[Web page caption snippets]
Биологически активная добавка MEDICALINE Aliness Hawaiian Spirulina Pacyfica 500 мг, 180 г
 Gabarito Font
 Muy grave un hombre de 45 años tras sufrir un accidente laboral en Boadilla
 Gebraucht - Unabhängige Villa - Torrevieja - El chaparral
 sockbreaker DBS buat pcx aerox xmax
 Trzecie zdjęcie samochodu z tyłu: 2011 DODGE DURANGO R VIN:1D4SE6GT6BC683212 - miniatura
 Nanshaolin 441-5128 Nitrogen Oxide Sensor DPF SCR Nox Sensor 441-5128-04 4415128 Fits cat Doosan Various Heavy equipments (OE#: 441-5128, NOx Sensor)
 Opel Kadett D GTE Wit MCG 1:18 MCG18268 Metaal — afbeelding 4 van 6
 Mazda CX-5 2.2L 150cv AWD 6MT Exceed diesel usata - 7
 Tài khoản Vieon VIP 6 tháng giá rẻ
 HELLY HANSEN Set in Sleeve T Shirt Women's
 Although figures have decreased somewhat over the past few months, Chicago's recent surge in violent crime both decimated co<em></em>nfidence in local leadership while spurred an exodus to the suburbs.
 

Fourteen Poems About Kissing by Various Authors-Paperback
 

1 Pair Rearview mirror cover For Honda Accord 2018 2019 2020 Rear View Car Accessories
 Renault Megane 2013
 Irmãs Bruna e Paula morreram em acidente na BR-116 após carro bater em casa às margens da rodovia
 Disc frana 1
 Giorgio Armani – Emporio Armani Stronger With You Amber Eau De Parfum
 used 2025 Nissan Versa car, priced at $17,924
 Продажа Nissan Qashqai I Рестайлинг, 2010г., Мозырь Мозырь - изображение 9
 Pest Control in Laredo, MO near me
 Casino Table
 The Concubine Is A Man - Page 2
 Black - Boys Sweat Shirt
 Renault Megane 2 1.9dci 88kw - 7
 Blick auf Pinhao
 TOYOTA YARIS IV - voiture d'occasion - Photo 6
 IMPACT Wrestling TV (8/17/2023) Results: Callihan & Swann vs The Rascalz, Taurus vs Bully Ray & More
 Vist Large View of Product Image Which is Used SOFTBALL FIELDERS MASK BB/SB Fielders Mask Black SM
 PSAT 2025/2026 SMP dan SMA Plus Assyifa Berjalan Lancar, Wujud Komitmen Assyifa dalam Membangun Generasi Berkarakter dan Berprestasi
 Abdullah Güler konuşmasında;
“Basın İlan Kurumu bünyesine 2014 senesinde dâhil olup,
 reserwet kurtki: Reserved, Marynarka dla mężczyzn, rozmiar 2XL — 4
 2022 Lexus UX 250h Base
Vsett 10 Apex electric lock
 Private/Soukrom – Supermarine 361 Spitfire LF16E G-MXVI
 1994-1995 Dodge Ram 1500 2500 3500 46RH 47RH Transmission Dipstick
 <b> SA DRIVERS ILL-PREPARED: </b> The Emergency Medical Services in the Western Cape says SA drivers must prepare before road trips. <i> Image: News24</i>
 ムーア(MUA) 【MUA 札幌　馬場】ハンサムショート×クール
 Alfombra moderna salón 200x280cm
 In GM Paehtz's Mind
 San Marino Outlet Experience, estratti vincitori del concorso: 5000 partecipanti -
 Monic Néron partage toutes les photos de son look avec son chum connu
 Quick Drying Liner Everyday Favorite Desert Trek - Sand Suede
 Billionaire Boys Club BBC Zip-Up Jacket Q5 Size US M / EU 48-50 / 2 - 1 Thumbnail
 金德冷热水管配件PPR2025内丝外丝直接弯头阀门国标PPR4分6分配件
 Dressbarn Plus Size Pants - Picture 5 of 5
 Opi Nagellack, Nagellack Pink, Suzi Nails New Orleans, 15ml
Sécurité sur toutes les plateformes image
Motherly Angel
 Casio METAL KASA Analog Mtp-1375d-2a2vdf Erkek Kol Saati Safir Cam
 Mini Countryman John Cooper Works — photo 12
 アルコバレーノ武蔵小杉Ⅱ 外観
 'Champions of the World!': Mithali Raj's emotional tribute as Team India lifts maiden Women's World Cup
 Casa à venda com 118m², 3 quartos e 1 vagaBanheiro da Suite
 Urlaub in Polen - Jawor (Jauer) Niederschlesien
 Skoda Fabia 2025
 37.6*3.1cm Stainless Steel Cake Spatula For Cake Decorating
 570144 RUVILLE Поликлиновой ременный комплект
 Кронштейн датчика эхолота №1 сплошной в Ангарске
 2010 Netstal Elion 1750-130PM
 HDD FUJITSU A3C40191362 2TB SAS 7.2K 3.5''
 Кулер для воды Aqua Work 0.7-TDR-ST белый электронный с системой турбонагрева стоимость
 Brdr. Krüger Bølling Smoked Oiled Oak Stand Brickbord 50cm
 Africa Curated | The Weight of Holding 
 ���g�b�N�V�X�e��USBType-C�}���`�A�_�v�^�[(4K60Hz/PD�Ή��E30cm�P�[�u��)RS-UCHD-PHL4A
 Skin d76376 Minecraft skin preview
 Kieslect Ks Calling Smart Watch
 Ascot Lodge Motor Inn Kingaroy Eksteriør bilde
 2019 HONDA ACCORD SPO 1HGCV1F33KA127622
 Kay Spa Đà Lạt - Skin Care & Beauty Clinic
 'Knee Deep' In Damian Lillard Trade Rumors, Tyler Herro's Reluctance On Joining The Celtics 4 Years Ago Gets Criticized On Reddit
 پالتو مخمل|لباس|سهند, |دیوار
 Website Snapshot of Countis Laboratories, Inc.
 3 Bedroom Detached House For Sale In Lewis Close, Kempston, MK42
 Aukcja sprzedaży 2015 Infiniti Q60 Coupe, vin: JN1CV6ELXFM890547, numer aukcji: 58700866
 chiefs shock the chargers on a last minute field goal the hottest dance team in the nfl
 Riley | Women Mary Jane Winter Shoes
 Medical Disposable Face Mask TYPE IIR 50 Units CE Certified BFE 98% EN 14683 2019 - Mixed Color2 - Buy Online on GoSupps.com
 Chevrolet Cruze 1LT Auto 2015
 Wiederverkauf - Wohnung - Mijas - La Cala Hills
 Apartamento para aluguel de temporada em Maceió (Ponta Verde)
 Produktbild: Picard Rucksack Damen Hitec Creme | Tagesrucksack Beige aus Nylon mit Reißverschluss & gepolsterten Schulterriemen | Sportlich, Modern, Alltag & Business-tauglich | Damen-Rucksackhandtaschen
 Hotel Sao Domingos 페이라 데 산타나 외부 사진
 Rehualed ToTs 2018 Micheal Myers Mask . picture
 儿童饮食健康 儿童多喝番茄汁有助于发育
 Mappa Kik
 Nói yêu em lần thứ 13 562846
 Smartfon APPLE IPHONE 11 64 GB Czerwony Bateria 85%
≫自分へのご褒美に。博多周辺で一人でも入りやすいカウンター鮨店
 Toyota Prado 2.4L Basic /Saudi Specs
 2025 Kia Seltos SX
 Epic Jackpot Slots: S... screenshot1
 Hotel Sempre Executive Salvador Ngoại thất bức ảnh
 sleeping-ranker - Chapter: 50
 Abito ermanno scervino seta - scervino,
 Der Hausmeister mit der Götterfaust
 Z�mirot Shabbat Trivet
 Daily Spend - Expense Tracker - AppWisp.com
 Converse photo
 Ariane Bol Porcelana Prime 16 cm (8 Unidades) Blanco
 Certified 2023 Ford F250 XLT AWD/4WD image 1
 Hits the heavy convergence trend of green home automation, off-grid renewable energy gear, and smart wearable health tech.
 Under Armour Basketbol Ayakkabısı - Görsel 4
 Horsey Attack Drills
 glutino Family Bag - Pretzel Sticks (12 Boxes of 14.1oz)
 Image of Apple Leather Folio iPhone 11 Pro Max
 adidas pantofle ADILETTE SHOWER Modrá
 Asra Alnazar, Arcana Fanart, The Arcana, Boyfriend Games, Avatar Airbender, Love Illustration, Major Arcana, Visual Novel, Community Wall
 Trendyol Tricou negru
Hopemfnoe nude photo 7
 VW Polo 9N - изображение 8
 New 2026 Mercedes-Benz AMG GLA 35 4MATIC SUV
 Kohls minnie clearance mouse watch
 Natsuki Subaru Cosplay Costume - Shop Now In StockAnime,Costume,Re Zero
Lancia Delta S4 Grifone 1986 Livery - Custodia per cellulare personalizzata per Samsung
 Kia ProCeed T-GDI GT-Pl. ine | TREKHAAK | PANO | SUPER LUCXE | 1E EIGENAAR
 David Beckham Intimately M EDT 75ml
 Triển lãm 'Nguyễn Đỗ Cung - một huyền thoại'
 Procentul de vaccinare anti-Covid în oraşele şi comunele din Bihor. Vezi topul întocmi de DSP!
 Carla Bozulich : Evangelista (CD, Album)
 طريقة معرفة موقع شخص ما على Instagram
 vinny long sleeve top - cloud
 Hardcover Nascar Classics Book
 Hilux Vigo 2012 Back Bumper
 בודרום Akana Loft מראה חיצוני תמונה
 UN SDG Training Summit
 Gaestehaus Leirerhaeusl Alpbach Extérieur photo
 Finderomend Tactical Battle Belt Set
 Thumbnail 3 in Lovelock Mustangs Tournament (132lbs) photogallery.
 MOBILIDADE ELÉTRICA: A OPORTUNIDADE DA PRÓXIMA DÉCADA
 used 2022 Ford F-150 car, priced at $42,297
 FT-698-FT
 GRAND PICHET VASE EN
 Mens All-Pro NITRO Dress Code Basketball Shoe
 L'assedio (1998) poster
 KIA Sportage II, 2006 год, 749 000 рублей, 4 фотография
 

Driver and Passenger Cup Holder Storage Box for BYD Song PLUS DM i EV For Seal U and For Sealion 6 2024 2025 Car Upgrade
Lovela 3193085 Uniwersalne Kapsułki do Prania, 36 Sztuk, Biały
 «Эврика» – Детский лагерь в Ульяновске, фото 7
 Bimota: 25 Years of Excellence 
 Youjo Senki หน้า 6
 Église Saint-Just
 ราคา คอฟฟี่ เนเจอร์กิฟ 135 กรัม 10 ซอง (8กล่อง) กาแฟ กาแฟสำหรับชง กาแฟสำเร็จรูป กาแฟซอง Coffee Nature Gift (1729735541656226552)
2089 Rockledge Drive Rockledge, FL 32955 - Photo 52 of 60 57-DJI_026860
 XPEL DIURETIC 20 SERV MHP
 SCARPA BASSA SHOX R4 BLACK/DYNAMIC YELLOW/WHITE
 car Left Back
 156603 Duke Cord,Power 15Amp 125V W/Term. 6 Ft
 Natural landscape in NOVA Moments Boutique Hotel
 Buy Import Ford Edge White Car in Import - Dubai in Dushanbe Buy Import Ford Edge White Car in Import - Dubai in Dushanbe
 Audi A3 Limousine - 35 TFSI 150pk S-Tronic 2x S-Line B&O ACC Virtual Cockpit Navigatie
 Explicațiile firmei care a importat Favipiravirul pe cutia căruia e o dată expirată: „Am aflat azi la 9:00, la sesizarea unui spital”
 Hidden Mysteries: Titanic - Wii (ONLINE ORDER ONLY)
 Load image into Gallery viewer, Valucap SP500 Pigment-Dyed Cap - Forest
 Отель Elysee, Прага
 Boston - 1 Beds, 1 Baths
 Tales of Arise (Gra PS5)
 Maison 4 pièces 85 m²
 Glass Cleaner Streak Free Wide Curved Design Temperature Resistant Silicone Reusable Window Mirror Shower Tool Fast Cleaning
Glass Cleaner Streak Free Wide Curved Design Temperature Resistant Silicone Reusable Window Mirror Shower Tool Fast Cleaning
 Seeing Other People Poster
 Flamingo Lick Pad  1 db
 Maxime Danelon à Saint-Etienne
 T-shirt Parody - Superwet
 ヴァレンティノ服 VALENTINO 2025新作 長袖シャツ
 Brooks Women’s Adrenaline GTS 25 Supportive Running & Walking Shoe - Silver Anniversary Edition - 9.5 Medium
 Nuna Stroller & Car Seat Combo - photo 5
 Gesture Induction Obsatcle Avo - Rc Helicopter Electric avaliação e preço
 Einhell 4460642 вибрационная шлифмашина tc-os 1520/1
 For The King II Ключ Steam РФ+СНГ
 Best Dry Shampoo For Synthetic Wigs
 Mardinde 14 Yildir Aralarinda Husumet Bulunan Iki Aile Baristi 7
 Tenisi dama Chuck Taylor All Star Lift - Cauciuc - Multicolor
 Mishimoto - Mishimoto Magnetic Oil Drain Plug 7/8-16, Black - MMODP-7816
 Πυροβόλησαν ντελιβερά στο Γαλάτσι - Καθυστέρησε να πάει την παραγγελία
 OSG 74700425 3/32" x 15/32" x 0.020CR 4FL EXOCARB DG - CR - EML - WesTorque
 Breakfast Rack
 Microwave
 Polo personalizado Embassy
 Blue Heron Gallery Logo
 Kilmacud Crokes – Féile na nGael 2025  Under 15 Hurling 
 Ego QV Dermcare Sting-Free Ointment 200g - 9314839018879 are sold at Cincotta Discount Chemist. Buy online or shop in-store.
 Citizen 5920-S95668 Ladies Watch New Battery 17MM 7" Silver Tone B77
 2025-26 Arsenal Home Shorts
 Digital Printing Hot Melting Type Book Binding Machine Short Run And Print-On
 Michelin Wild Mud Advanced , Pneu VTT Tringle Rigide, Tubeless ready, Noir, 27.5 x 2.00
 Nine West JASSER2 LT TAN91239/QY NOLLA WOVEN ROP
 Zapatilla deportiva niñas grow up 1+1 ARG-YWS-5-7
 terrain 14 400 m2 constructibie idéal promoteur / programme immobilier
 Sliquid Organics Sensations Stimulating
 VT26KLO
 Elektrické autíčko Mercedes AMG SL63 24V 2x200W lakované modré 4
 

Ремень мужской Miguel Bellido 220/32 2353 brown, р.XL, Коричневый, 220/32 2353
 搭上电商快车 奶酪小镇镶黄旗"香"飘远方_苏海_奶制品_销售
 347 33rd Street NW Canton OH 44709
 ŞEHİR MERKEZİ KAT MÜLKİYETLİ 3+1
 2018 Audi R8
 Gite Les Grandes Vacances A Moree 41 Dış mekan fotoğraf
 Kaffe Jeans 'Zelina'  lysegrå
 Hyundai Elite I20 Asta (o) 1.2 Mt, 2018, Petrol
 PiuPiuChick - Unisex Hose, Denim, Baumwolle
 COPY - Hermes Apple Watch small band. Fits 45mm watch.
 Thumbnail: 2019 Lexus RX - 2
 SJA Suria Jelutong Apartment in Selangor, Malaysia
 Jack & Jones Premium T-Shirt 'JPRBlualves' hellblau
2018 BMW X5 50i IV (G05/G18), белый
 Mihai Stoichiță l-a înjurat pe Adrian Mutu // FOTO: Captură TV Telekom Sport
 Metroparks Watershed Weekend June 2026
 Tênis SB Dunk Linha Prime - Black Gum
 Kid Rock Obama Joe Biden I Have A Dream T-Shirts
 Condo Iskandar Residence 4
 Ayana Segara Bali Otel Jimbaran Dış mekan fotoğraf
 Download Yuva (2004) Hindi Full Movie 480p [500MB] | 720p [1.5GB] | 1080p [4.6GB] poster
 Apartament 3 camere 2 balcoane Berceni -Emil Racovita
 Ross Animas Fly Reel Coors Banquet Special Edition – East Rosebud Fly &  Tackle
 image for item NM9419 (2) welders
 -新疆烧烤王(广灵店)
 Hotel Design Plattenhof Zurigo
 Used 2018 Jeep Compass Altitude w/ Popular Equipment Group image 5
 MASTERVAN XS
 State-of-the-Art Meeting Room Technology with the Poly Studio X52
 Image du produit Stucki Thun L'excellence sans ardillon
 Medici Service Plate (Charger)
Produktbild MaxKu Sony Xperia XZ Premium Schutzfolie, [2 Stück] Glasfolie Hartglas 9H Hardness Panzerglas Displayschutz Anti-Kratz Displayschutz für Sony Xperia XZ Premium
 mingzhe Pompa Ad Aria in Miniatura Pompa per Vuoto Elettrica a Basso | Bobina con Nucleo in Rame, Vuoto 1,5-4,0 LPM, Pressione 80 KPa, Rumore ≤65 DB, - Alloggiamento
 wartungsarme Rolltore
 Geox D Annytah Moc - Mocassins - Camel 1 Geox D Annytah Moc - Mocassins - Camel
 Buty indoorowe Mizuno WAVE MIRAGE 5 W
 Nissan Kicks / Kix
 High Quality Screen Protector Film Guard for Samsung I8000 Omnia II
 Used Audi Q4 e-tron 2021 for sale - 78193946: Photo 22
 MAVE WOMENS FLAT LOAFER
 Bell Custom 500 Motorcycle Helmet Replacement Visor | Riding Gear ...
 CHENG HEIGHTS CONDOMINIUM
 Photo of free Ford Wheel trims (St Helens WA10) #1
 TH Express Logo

• EXERCISE AIM: For each line in the entries that holds "Wide", return that line.

• REPLY TO THE TASK:
 Glass Cleaner Streak Free Wide Curved Design Temperature Resistant Silicone Reusable Window Mirror Shower Tool Fast Cleaning
Glass Cleaner Streak Free Wide Curved Design Temperature Resistant Silicone Reusable Window Mirror Shower Tool Fast Cleaning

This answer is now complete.